一方、1950~60年はポピュラー音楽の全盛の時代でもあった。プレスリーからビートルズ。西側の自由を唄う音楽であった。
片山:この当時の芥川也寸志の行動も興味深い。ウィーンからソ連に入り、ショスタコーヴィチなどに会っている。もちろんソ連がお膳立てしたのだろうが・・。当時の芥川はショスタコーヴィチやプロコフィエフが本気で人民のための音楽を作っていると思っていたのであろう。
芥川の黒子はソ連、團伊久磨は中国、黛敏郎はアメリカ・・。音楽の世界にも色濃く世界情勢が反映していた。
ソ連の時代の御用?作曲家としてのフレンニコフという人が論じられるが、全く知らない人なのでパス。
岡田:旧ソ連時代の最高傑作は?
片山:ショスタコの交響曲5・7・11番、プロコフィエフの5番・7番・・個人の襞が見えない音楽。

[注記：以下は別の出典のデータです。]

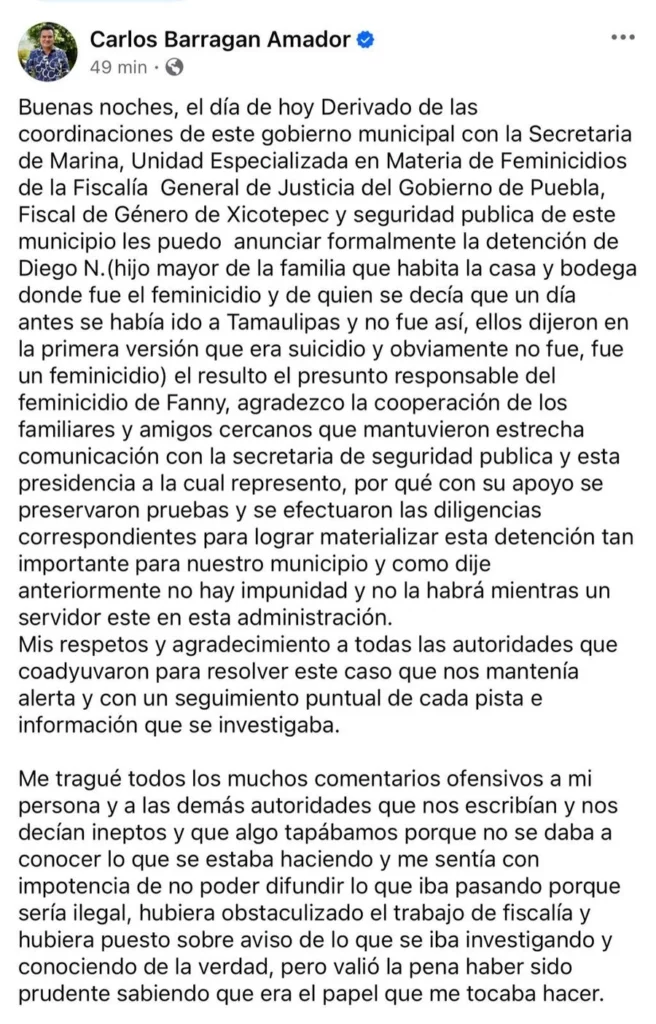 El alcalde Carlos Barragán confirmó la detención del presunto feminicida de Fany en Xicotepec.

あるモスクワ音楽院の教授は生徒に「きみたちがこの国で作曲家として生きていくためには、皆さんが書きたいと思う音楽を書かないことだ」といったという。
岡田:この言葉は旧西側のわれわれが肝に銘じなければいけない言葉。ロシアのウクライナ侵攻以降、この言葉は生々しい。
ここから(p313以降)話が「前衛の斜陽とミニマル・ミュージック」に移るので、それは稿をあらためて論じることとする。
本書にはロシアのウクライナ侵攻の問題が色濃く投影している。ロシアは西側の音楽をどうこうしようとしてウクライナに攻め込んだわけでは決してないが、それでも今回の事態には西側の価値観の否定という側面が色濃くあることは間違いない。
そしてクラシック音楽にこそ西欧の価値観がもっとも濃縮して現れているのだから、岡田氏や片山氏のようなクラシック音楽を偏愛する知識人にとっては、これは己につきつけられた刃として感じられるはずである。「ごまかさないクラシック音楽」というのは、この問い、この刃から逃げないクラシック音楽論という意味であろう。
それではわたくしにとってのウクライナ戦争に相当する出来事とは? 間違いなく「東大紛争」「東大闘争」であったと思う。あの運動は逃げることは許されないぞ、お前はどっちの側の人間だと問う運動でもあった。
それに対しわたくしは、福田恆存→吉田健一路線で対応してきた。そこに三島由紀夫がどうかかわるのかが微妙なのだが、要するに吉田健一路線というのは、ヨーロッパ19世紀は野蛮だよ、ヨーロッパの真髄は18世紀の優雅にあるのだよというものだとわたくしは理解している。
18世紀の優雅→モツアルト。19世紀の野蛮→ベートーベン。
しかし問題は、もしも音楽史にベートーベンが現れなければ、クラシック音楽は、今頃は保存すべき古典芸能になっていただろうということである。
何ものかが生き残るためには何らかの夾雑物がそこに含まれる必要がある。クラシック音楽の場合はそれがベートーベン。そして西欧音楽の祖バッハにも優雅だけではない何か夾雑物が含まれていたとわたくしは思う。それが西洋音楽の命を支えてきた。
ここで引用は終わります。